Reducing car related greenhouse gases by providing multimodal mobility services along the touristic travel chain

In light of the IPCC assessment, there is a need of urgent action towards sustainable and multimodal travel modes to reduce greenhouse gases related to cars. In a T-Mona Study, the Austrian National Tourist Office points out that about 83% of guests chose to arrive by car to their Austrian holiday destination. This figure adds to the mounting pressure to tackle climate change.

On Wednesday, November 3rd 2021 the Travel Industry Club Austria invited accilium to the APA Press Center in Vienna to share our idea on sustainable and multimodal travel modes for the tourism sector in Austria. First, we have shown that according to the greenhouse gas balance of all polluting sectors in Austria, the transport sector is the second highest polluter with 30% of greenhouse gas emissions.

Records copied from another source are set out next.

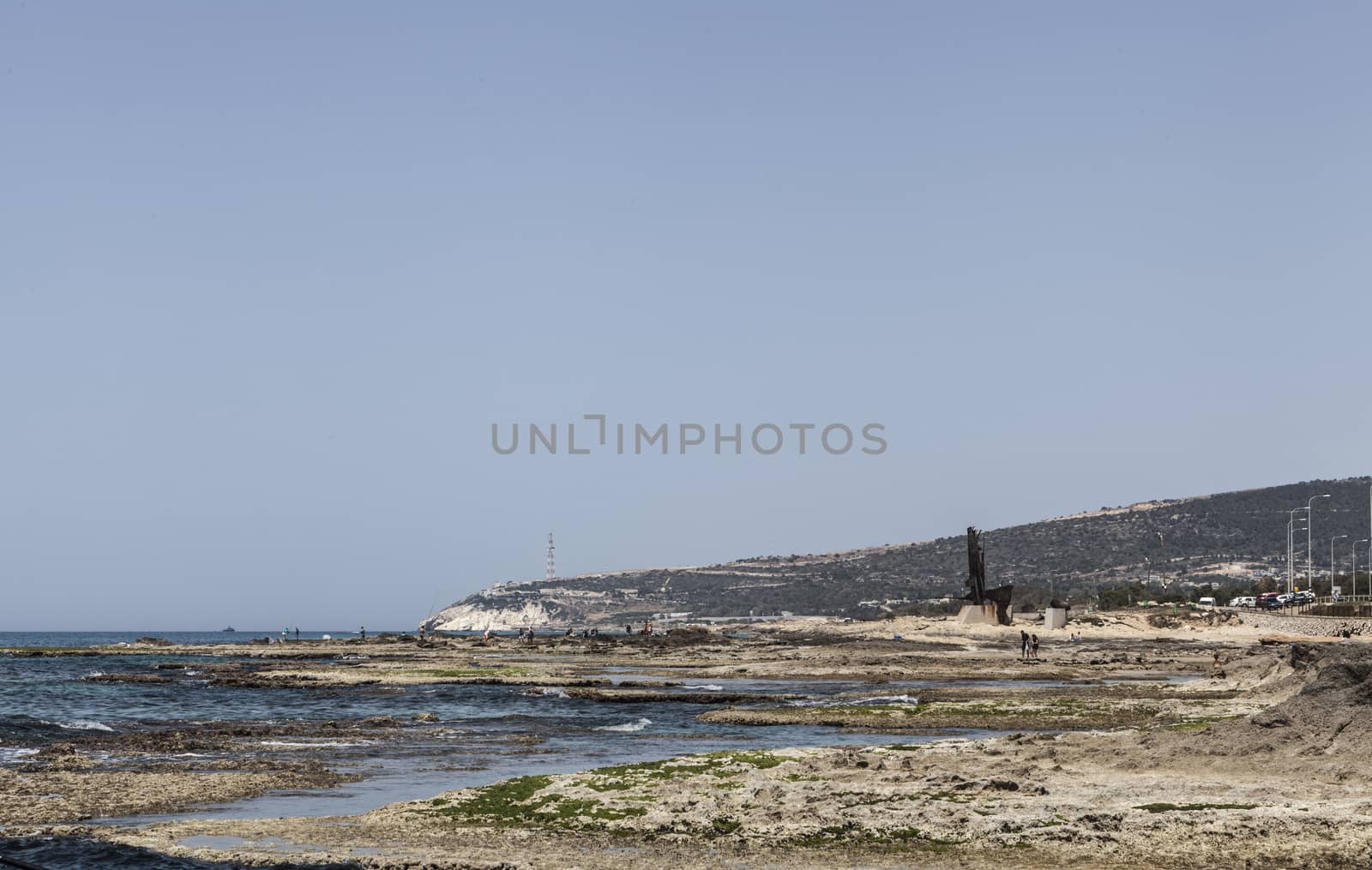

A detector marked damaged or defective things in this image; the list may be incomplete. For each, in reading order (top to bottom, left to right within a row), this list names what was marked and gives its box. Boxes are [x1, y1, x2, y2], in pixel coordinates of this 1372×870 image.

rusty metal sculpture [971, 521, 1015, 622]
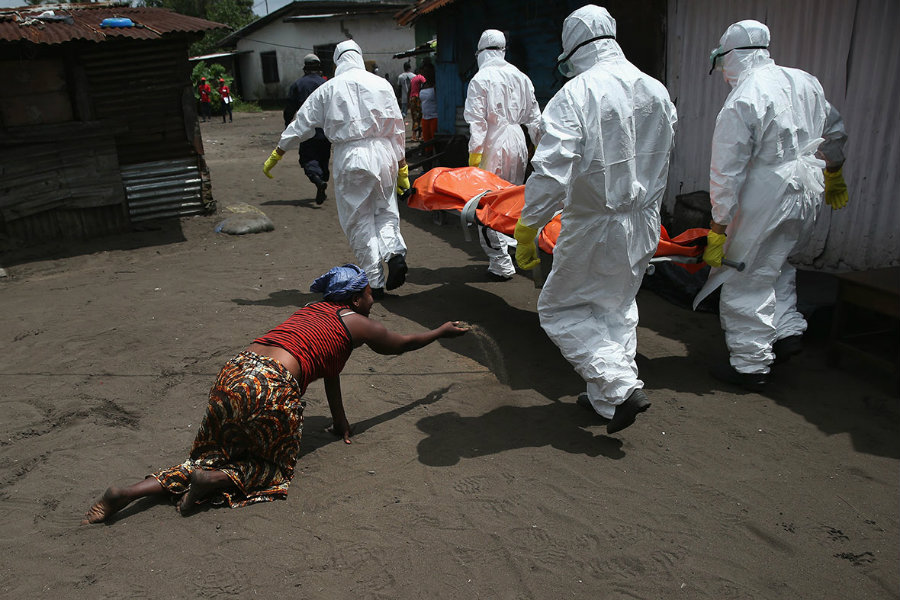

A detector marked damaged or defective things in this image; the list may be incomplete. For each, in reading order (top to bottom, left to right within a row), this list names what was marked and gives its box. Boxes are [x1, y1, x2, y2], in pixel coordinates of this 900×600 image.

rusty corrugated metal wall [664, 0, 896, 270]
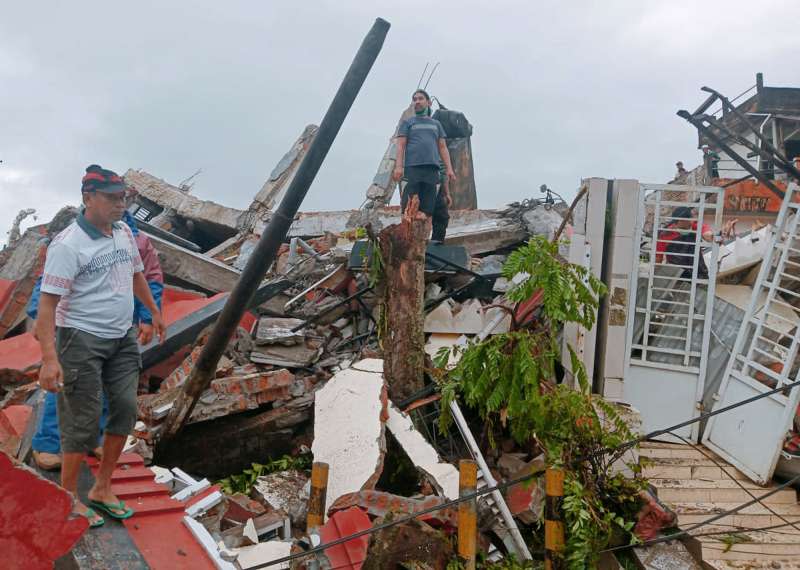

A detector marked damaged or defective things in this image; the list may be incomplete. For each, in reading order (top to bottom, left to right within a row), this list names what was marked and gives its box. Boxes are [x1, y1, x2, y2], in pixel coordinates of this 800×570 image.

shattered wood plank [122, 168, 244, 232]
shattered wood plank [247, 125, 318, 223]
shattered wood plank [146, 231, 241, 292]
shattered wood plank [378, 204, 428, 400]
broken concrete slab [253, 468, 310, 524]
broken concrete slab [310, 360, 386, 516]
shattered wood plank [310, 360, 386, 516]
broken concrete slab [386, 404, 460, 496]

3 high impact levers as a solution approach

“In general there are three levers with high impact in reducing car related greenhouse gases in mobility: switching from combustion engine to electric cars in the short term; increasing the occupation rate of multimodal transport modes in the mid-term and reducing avoidable paths and their distances within the holiday destination in the long-term”, Michael Ceipek points out on how to reduce car related greenhouse gases in touristic travels.

Within the tourism industry, accommodation providers and tour operators can create multimodal mobility services along the tourism travel chain to reduce car related greenhouse gases. Central to these services is a booking platform which provides transparency and booking options for guests. At the event we illustrated our idea in an example of how guests could arrive to an Austrian holiday destination in the future:

CO2 savings through multimodal mobility along the tourism travel chain

The first potential in reducing car related greenhouse gases lays within the inspiration phase. This potential can be fulfilled with a transparent booking platform which offers seamless multimodal transportation from departure to the booked accommodation and at the holiday destination region. “Today, digitalization and new mobility services make it possible to shape tourism mobility of the future industry-wide in a climate friendly way”, Oliver Danninger, Partner and Lead Sustainability at accilium explains. A further point which was highlighted, is the need for analyzing the tourism travel chain regionally and internationally in order to develop cooperative multimodal mobility services in a purposeful way.

The design spaces: Individual, Regional, National

Along the tourism travel chain, an accommodation provider or tour operator can create new multimodal mobility services within three design spaces. Whereas the individual design space comes along with high innovation potential:

The greatest design potential along the tourism travel chain lies in one’s individual design space

Accommodation providers primarily shape the individual design space through the development of innovative multimodal mobility services. Multimodal mobility services include shared electric cars or bikes, shuttle services or electric charging stations. The individual design space is the starting point of attracting guests with new services which can be booked throughout the whole holiday. The regional design space is best described by one word: cooperation. Within the regional design space, Destination Management Organizations (DMO) take the lead. Together with main stakeholders within a region, destination networks combine the offerings of different accommodation providers, cable car companies and other player’s within the tourism industry (e.g. sport rental shops). As a result of these cooperative destination networks, shared shuttle services, shared electric car fleets or collaborative rentals of sports equipment and luggage services can altogether help reducing traffic and car related greenhouse gases. These services can increase the comfort and flexibility of guests as a positive side effect. While creating new multimodal mobility services, certain needs may arise which can’t be dealt with alone or within a cooperation. For example if public infrastructure needs to be extended or public transport companies are needed to engage in offerings (e.g. mobility cards for holiday destinations). These needs shall be addressed to public policy makers.

One thing is certain: the challenges for accommodation providers and tour operators have become even greater in recent years, especially in the wake of climate change.  To keep up with the transformative impact of megatrends such as urbanization, sustainability and new mobility – clear market positioning can lead to innovative business models for tourism companies.